Hello everyone, I need some help. I am a woman who normally fishes by myself. I want to try Campbell Lakes Preserve for bluegill. I see they have 4 lakes. Where is the best place to fish for bank fishing bluegill? Also, how deep are these pits? Also is it a public place, safe for a woman like Miami Whitewater Forest? Thanks in advance for helping me guys. I've read that the bluegills are somewhat big (bigger than Miami Whitewater). Also, looking at their stocking schedule they have stocked with yellow perch. Does anyone know how to fish for them? Also besides kayak or canoe, can you have a regular jon boat like at the county parks and just row and be allowed on the lakes or are they too big? I know I am asking a lot of questions, but I have no clue. The only lake I know anything about is Lake Isabella. I'm normally there sitting in a boat with a sombrero and I don't ever need help catching fish there. But I do want to catch big bluegill and some crappie. Thanks for helping me guys. To show my gratitude if anyone wants to know anything about Isabella and where they are biting right now, I'll let you know.


----------



## Spence88 (Feb 23, 2006)

The lakes are nice, but there isn't very much accessible area from the banks. Kayak, canoe or float tube would be my choice if I was going to go again. Some spots look absolutely great for bass. I think you have to pay like $2-3 per person per day to fish it - just a simple self-register type. I don't know if you could get a small jon boat out. Might want to call county parks before you go through the trouble. It seems to be well cared for and I've never heard any trouble coming out of there. Good luck.


----------



## autogyroenthusiast (Oct 25, 2007)

Any car top boat is fine if I recall. No motors, no trailers. First lake on the right is the one you will want to fish if you use a jon boat. It's a good walk to the other lakes. Haven't fished it enough to form an opinion but I believe there are plenty of bass, bluegill, and crappie.


----------



## TMCDB6 (Mar 13, 2009)

Last time I went we paid 2.00 per person. I am glad to say they check very regularly. On several occasions i've been checked multiple times in the same day. As for bank access we haven't had any problems finding a spot to fish comfortably and by comfortably I mean no one within 300 yards of us. I am not a big fan of fishing with a stranger in my back pocket that could basically tell me what kind of deodarant I am wearing! 

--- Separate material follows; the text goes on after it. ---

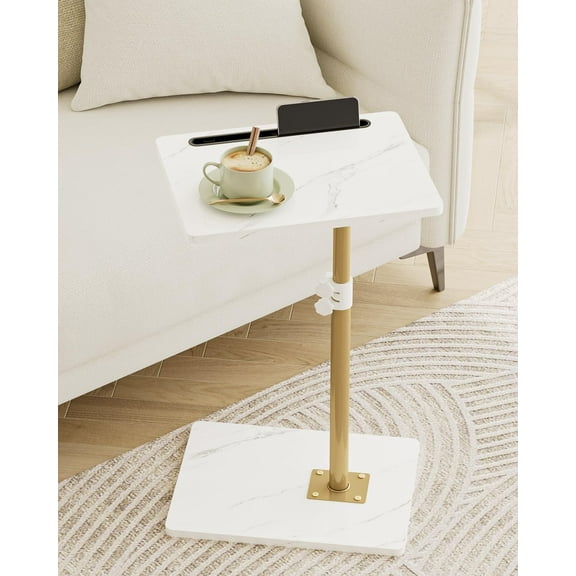 Sofa Arm Tray Table - 360? Swivel Height Adjustable End Table, Small Snack Side Table for Couch, C Shaped Table for Bed, Chair or TV Tray Table(Marble White and )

Campbell has some really nice bass and the water is usually crystal clear. Hope this helps. Good luck!


DB


----------



## imalt (Apr 17, 2008)

i have had my best bass luck at the lake left of the parking lot as you go in. also i was in my yak. there is a lake behind the softball fields that isnt too bad you have to hop a fence or two. the front lake i have never done very good in. i dont think they stock as much as they say there.


----------



## TeamPlaker (Jul 5, 2006)

imalt said:


> i have had my best bass luck at the lake left of the parking lot as you go in.


That lake is the South Lake. Nice bank fishing in the spring, but by mid-summer the weeds are a pain. Not sure which is the best bluegill lake, but if you're looking for Perch, they're in the Northeast Lake (which is directly to the right as you pull in). Couldn't tell you how to fish for them, never target any of them. Keep in mind that HCPD's idea of "stocking" those lakes is way different than the ODNR.
The depths vary in each of the lakes, but some of them get 50+. They used to have maps on their site at www.greatparks.org. Not sure if they do any more... either way, the place you pay has a large map that shows you the depths and the names of the lakes.


----------



## regmiller (Aug 23, 2005)

Thanks for answering guys. I am going to take a ride and see what is going on. It's pretty hot now, might wait a few weeks.


----------



## Mrsnspectr (May 21, 2008)

Hey Reg - glad to see another lady on here - I don't go out much by myself for the same reasons, but am lucky the dau-in-law loves to fish as much as I do. The guys on here are great, though, for answering (probably sometimes dumb) questions for me.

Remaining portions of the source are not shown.